WLHH (104.9 FM) is a commercial radio station licensed to Ridgeland, South Carolina, United States, and serving the Hilton Head Island metropolitan area. It has a classic hits format and is owned by Saga Communications. The studios are on Westbury Park Way in Bluffton.

WLHH's transmitter is sited on Cherry Hill Road near Bridgetown Drive in Ridgeland.

==History==

===Oldies and Adult Alternative===
In 1985, the 104.9 frequency was assigned as a construction permit to Mattox-Guest Broadcasting. The call sign was WXRY-FM. The station signed on the air in 1988. Once it debuted, the call letters were WZBZ. It became an oldies station in 1990 as WSHG, known as "Shag FM". In 1997, Shag FM moved its format to what was then WHBZ (now WXST). The 104.9 frequency became the original home of WGZR "The Gator", a country music station.

In 2003, modern rock WWVV, at 106.9 FM, traded frequencies with the Gator. Upon the station swap, WWVV ("Wave 104.9"), flipped formats and was a modern-based Adult Album Alternative station. The station enjoyed a small yet loyal following in the Savannah and Hilton Head Island markets. Ratings were usually higher in Hilton Head due to some signal problems in Savannah.

===Triad Broadcasting===
WWVV was owned and operated by Triad Broadcasting. But locally it was known as "Adventure Radio," the name of the company that owned WWVV before Triad. Management at Triad did not want to scare off potential advertisers or listeners by announcing new station owners. WWVV and six other stations were bought by Triad in May 2000. In the Savannah/Hilton Head area, Triad also owns stations WFXH-FM (Rock 106.1), WGCO-FM (BIG 98.3), WUBB (Country 106.9), WXYY (Y-107.9), and WHHW (1130 The Island).

On June 15, 2006, Triad purchased WVSC (103.1 The Drive) from Zip Communications. Triad had been operating WGZO under a local marketing agreement (LMA) with Zip. In order to comply with FCC regulations, Triad decided to sell the company's lowest-powered radio station, WWVV-FM, to South Carolina-based Broomfield Broadcasting via the company's subsidiary, JB Broadcasting.

===John FM and The Surf===
On November 21, 2006, the station began playing Christmas music as "104.9 John FM". It used a new call sign, WWJN-FM. A recorded male voice could be heard between songs stating "104.9 is John FM. John tells us what to play. Right now John wants to hear Christmas music so that's what we're playing. 104.9 John FM". JB Broadcasting sold the station to Low Country Radio LLC in January 2010. With the sale, John FM ended its Christmas music on January 25.

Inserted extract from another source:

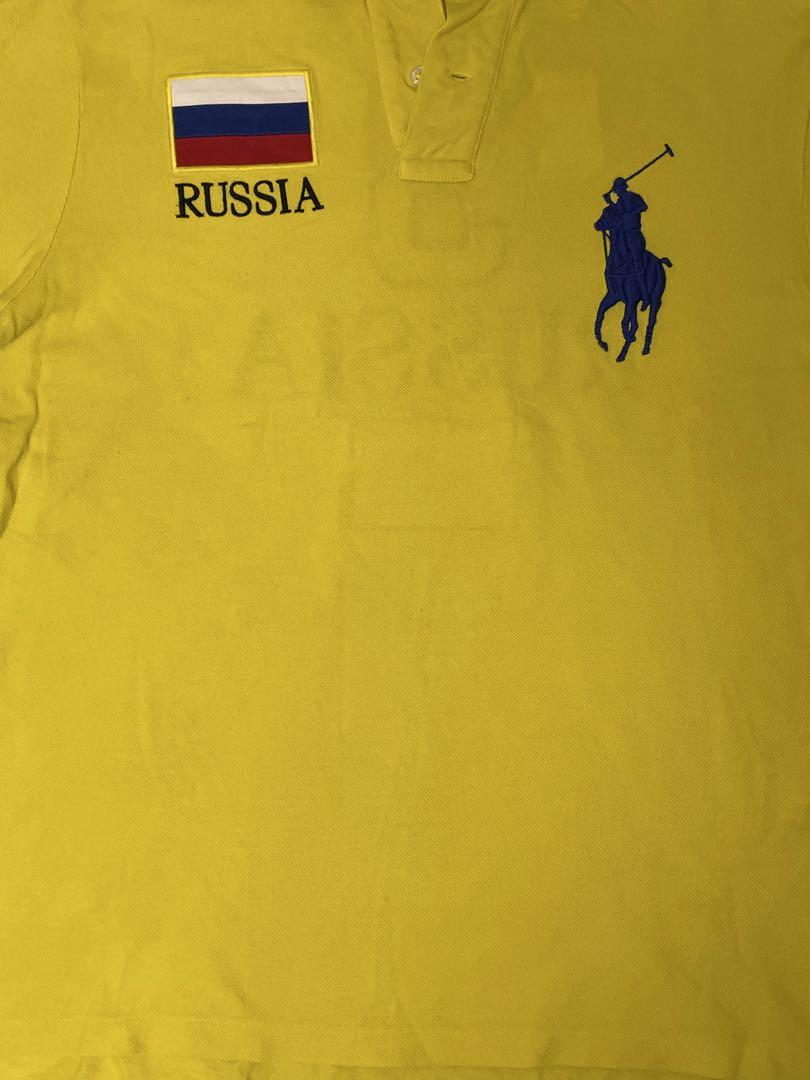 ラルフローレン　ビックポニー　刺繍　ロシア　国旗　両面　ポロシャツ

Until the new station signed on the air on the 27th, the station stunted by broadcasting the sound of waves hitting the beach. JB Broadcasting's sale of the station closed on March 15, 2010. The station changed its call sign to WLHH (We Love Hilton Head) on March 16, 2010. On that date, it shifted the format to classic hits, calling itself "104.9 The Surf."

In 2014, the station was sold again, this time to Apex Broadcasting, Inc. The purchase price was $682,500. The transaction was consummated on May 30, 2014. In early 2017, Apex Broadcasting sold their radio stations in Charleston and Hilton Head to Saga Communications for $23 million. The transaction was consummated on September 1, 2017.